Is Christ divided? There are hundreds of denominations in Christendom — and many other little groups and sects. Why? When did this confusion originate?

   It's hard to believe, but it's true! The facts of history — both biblical and secular — are utterly astonishing.
   It's time we looked behind this curtain. It's time you knew how, when and where all this religious confusion started.
   Every thinking person — every denomination — realizes that, at some time in history, there has been a great apostasy or falling away from original truth.

Only one Church

   Jesus Christ did not found many denominations. Christ said, "I will build My church" (Matthew 16:18). He did build it — one Church, commissioned to preach and to publish His Gospel — the very message He brought from God — to all the world.
   But what do we find today?

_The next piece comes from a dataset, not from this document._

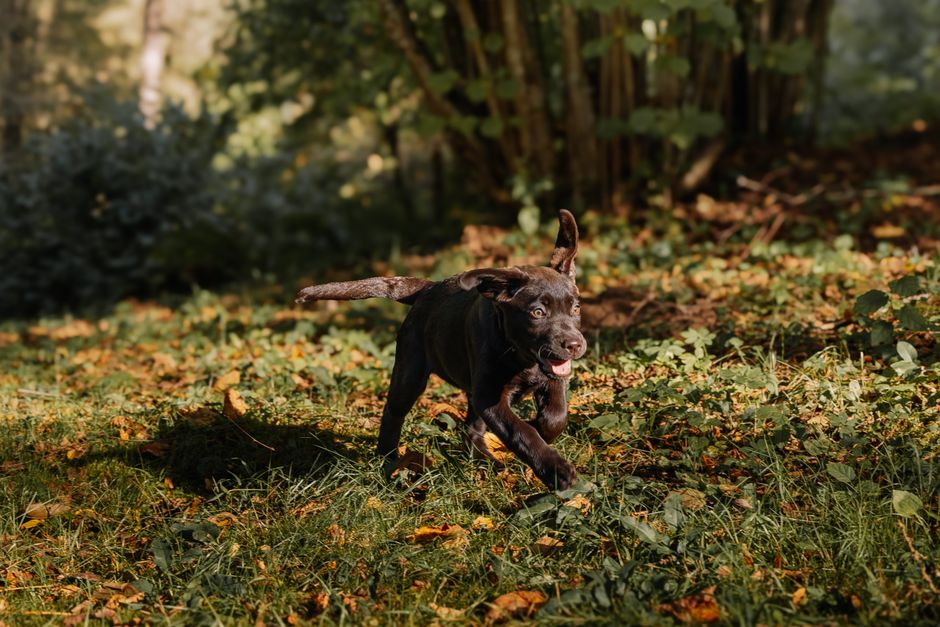 dog boarding cost sydney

Hundreds of different and disagreeing churches, all founded by men, each professing to teach the truth, yet contradicting and disagreeing with all the others.

The Church in prophecy

   While most people today suppose that the true Church was rapidly to grow big, to become a powerful organization, exerting powerful influence on the world, making this a better world, becoming the stabilizing influence of the world's civilization, actually Christ founded His Church for no such purpose. In His final prayer for His one Church, Jesus prayed:
   "I pray for them. I do not pray for the world... Holy Father, keep through Your name those whom You have given Me, that they may be one as We are... I have given them Your word; and the world has hated them because they are not of the world, just as I am not of the world. I do not pray that You should take them out of the world, but that You should keep them from the evil one. They are not of the world, just as I am not of the world" (John 17:9-16).
   Those of His Church are described as being strangers and foreigners in this world — ambassadors for Christ — which is foreign to this world — yet never being of the world.
   This true Church of God was to be persecuted — scattered. "If they persecuted Me, they will also persecute you," said Jesus to His disciples (John 15:20). "All who desire to live godly in Christ Jesus will suffer persecution" (II Timothy 3:12).
   On the night Jesus was seized to be crucified, He said, "It is written: 'I will strike the Shepherd, and the sheep will be scattered'" (Mark 14:27). After He, the Shepherd, was crucified, the "sheep" — His Church — were to become scattered.
   Previously that same evening, Jesus had said to His disciples, "You will be scattered" (John 16:32).
   This persecution and scattering began early. Notice Acts 8:1: "At that time a great persecution arose against the church which was at Jerusalem; and they were all scattered throughout the regions of Judea and Samaria, except the apostles."
   Nowhere is there any prophecy that the one true Church should become great and powerful, exerting influence in this world. Rather, Jesus called it the "little flock" (Luke 12:32). Despised, persecuted, scattered by the world — separate from the world. Scattered, but never divided. Always one Church, speaking the same thing — never many differing sects.
   You haven't read much of the history of that Church. Even the historians have never known where to look for the true Church — for they do not know what the true Church is.

Broad majority deceived

   On the other hand, in the world, all the prophecies foretold apostasy, deception and division.
   Jesus foretold the very first event to come on the world — great deception — climaxing, in our day now just ahead, in great tribulation.
   "Take heed," He said, "that no man deceive you. For many shall come in my name, saying, I am Christ; and shall deceive many" (Matthew 24:4-5, Authorized Version).
   Notice carefully: It was not the few who were to be deceived, but the many. It was the few who were to become true Christians!
   Jesus pictured this same condition when He said: "Wide is the gate and broad is the way that leads to destruction, and there are many who go in by it. Because narrow is the gate and difficult is the way which leads to life, and there are few who find it" (Matthew 7:13-14).
   That isn't what the world believes, is it? Probably that isn't what you have heard and come to assume. But it's what Christ said. How deceived this world has become!
   Satan is pictured in the Bible as the god of this world. He appears, not as a devil, but as a god — as an angel of light. And in Revelation 12:9, you read of "Satan, who deceives the whole world."
   Yes, the many would come in Jesus' name, proclaiming that Jesus is the Christ — yes, preaching Christ to the world. And yet, without realizing it, deceiving the world.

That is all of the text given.